──────── SUPPLIED DATA

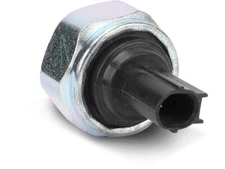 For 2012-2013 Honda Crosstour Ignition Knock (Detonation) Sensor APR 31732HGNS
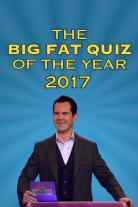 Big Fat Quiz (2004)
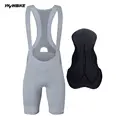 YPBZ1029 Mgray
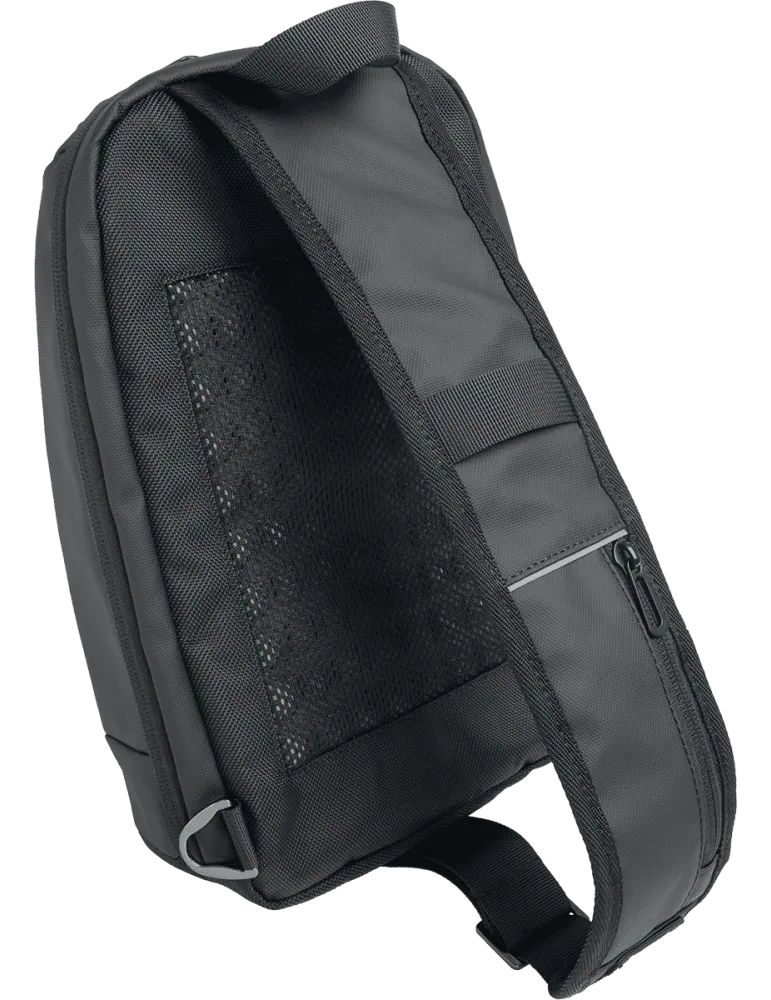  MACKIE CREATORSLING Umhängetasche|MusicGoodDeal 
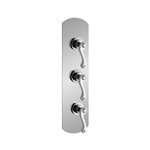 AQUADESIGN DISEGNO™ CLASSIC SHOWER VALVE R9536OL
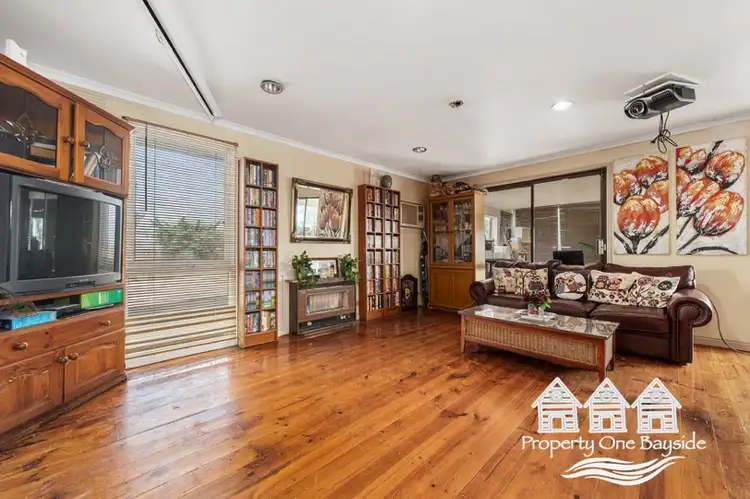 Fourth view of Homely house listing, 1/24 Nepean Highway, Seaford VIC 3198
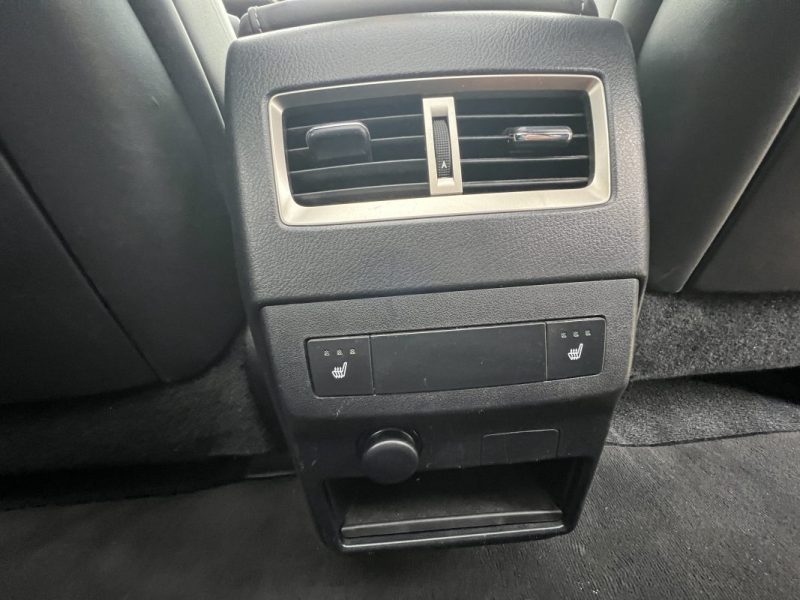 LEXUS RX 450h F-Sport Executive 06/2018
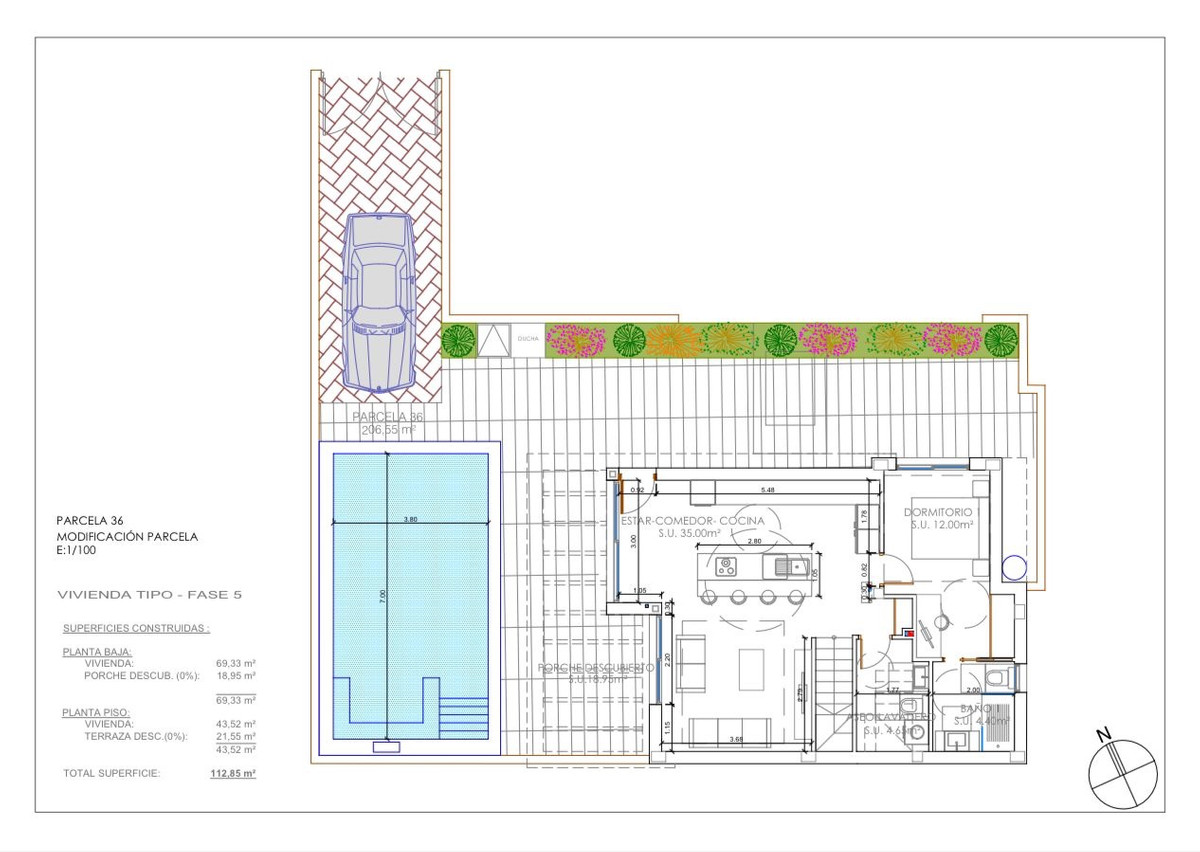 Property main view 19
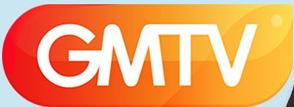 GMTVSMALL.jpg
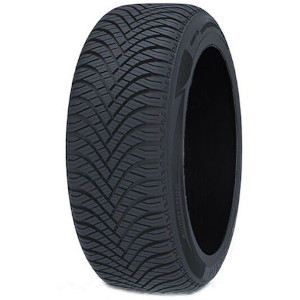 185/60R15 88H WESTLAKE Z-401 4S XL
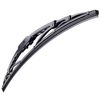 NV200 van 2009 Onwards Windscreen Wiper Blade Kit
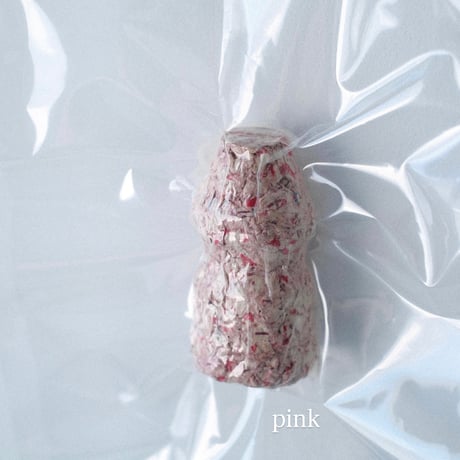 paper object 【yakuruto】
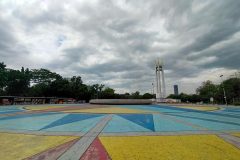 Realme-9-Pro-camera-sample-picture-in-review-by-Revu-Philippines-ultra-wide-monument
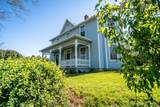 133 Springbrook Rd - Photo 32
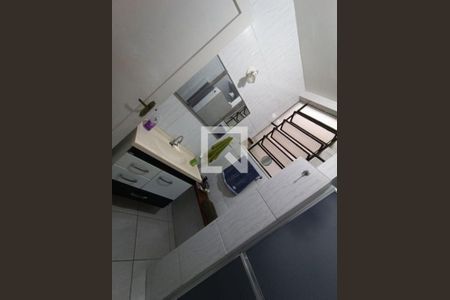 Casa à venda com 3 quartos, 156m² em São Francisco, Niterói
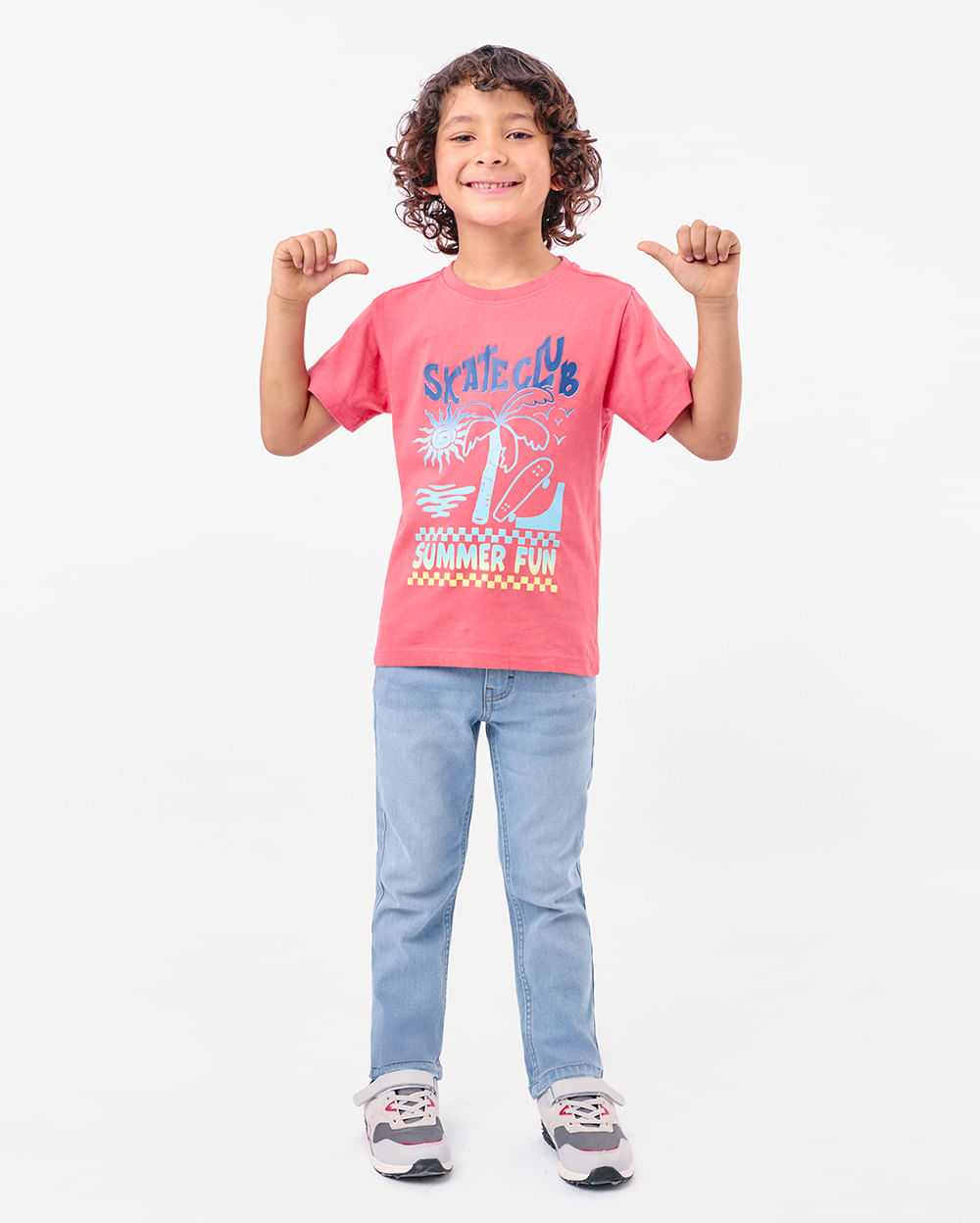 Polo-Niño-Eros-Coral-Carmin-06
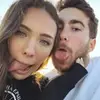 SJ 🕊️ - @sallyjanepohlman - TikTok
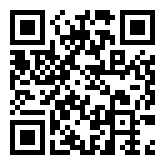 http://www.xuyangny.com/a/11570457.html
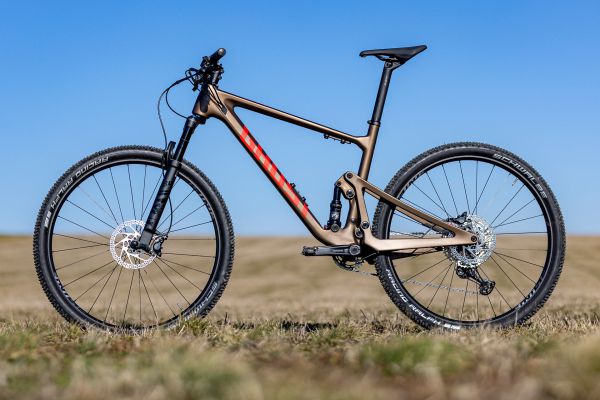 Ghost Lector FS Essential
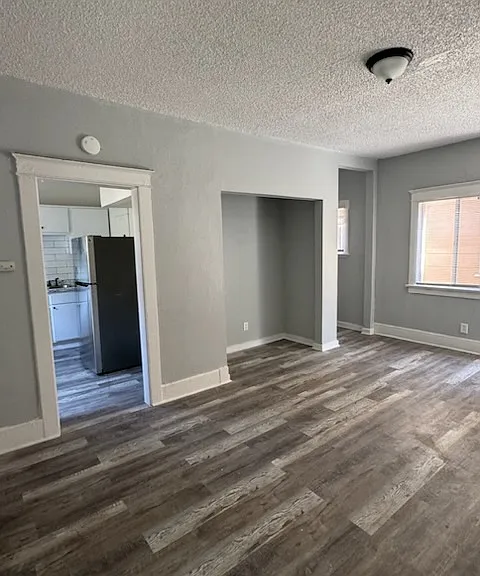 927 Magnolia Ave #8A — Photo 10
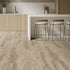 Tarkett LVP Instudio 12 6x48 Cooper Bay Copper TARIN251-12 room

────────────────

> [DIRECTIONS]: Give back, exactly and with nothing added, the lines from the line with "185/60R15 88H WESTLAKE Z-401 4S XL" through the final line of the data, both included; leave pictures out.

> [SOLUTION TO THIS PROBLEM]:
 185/60R15 88H WESTLAKE Z-401 4S XL
 NV200 van 2009 Onwards Windscreen Wiper Blade Kit
 paper object 【yakuruto】
 Realme-9-Pro-camera-sample-picture-in-review-by-Revu-Philippines-ultra-wide-monument
 133 Springbrook Rd - Photo 32
 Casa à venda com 3 quartos, 156m² em São Francisco, Niterói
 Polo-Niño-Eros-Coral-Carmin-06
 SJ 🕊️ - @sallyjanepohlman - TikTok
 http://www.xuyangny.com/a/11570457.html
 Ghost Lector FS Essential
 927 Magnolia Ave #8A — Photo 10
 Tarkett LVP Instudio 12 6x48 Cooper Bay Copper TARIN251-12 room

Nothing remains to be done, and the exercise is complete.